### Recorded data
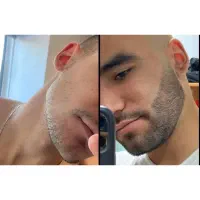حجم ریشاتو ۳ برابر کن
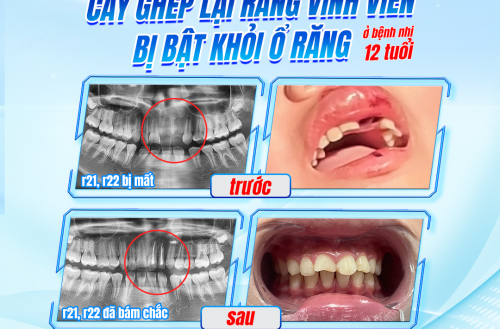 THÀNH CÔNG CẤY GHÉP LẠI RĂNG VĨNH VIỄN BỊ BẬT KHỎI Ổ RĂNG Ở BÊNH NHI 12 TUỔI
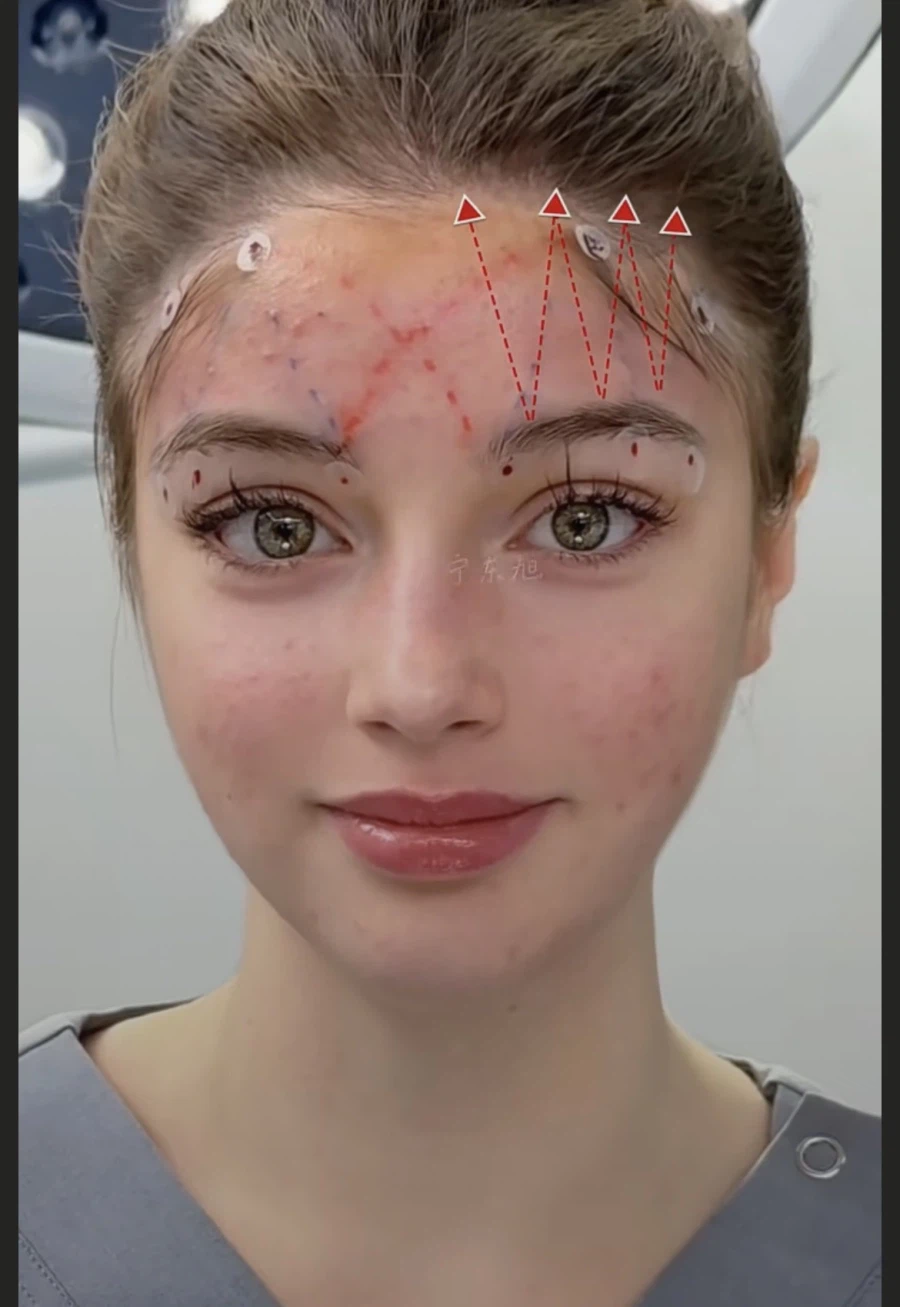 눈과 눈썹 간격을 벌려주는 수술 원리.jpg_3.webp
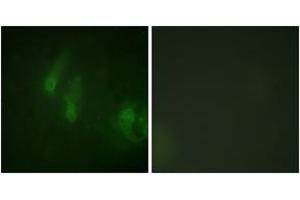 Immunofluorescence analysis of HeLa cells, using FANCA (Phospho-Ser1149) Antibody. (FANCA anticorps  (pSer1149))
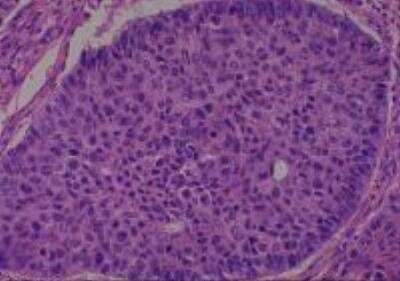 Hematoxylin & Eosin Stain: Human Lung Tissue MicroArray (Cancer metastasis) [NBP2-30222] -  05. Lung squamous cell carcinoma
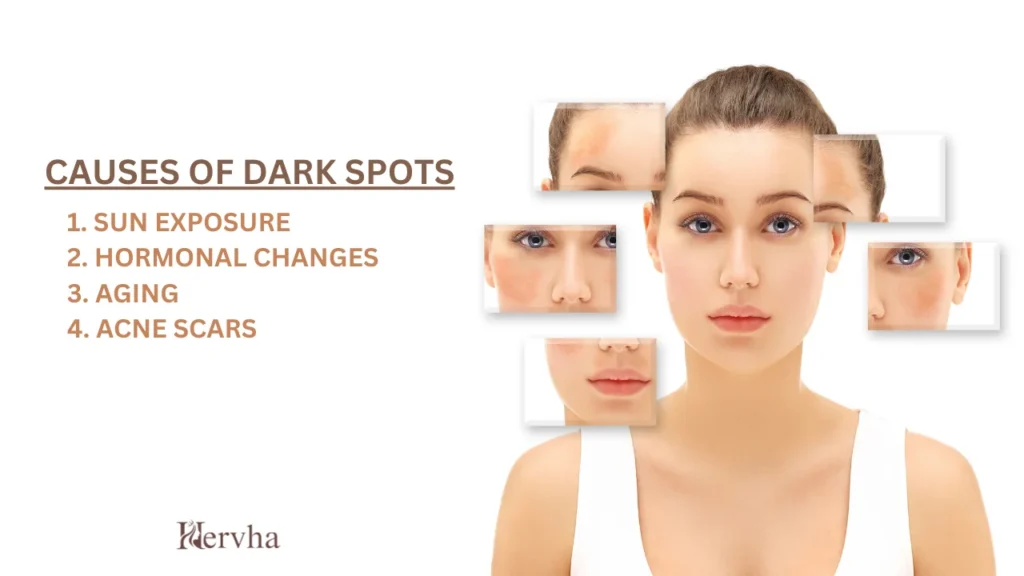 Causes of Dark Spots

* * *

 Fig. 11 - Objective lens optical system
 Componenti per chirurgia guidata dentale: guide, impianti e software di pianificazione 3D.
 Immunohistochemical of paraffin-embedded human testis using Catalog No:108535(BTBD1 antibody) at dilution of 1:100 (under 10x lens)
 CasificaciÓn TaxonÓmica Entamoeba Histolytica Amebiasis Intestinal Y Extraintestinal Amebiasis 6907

### Assignment
The copy should hold exactly the lines above from the one with "눈과 눈썹 간격을 벌려주는 수술 원리.jpg_3.webp" through the one with "Causes of Dark Spots", both ends counted, and no pictures at all.

### Response for this exercise
 눈과 눈썹 간격을 벌려주는 수술 원리.jpg_3.webp
 Immunofluorescence analysis of HeLa cells, using FANCA (Phospho-Ser1149) Antibody. (FANCA anticorps  (pSer1149))
 Hematoxylin & Eosin Stain: Human Lung Tissue MicroArray (Cancer metastasis) [NBP2-30222] -  05. Lung squamous cell carcinoma
 Causes of Dark Spots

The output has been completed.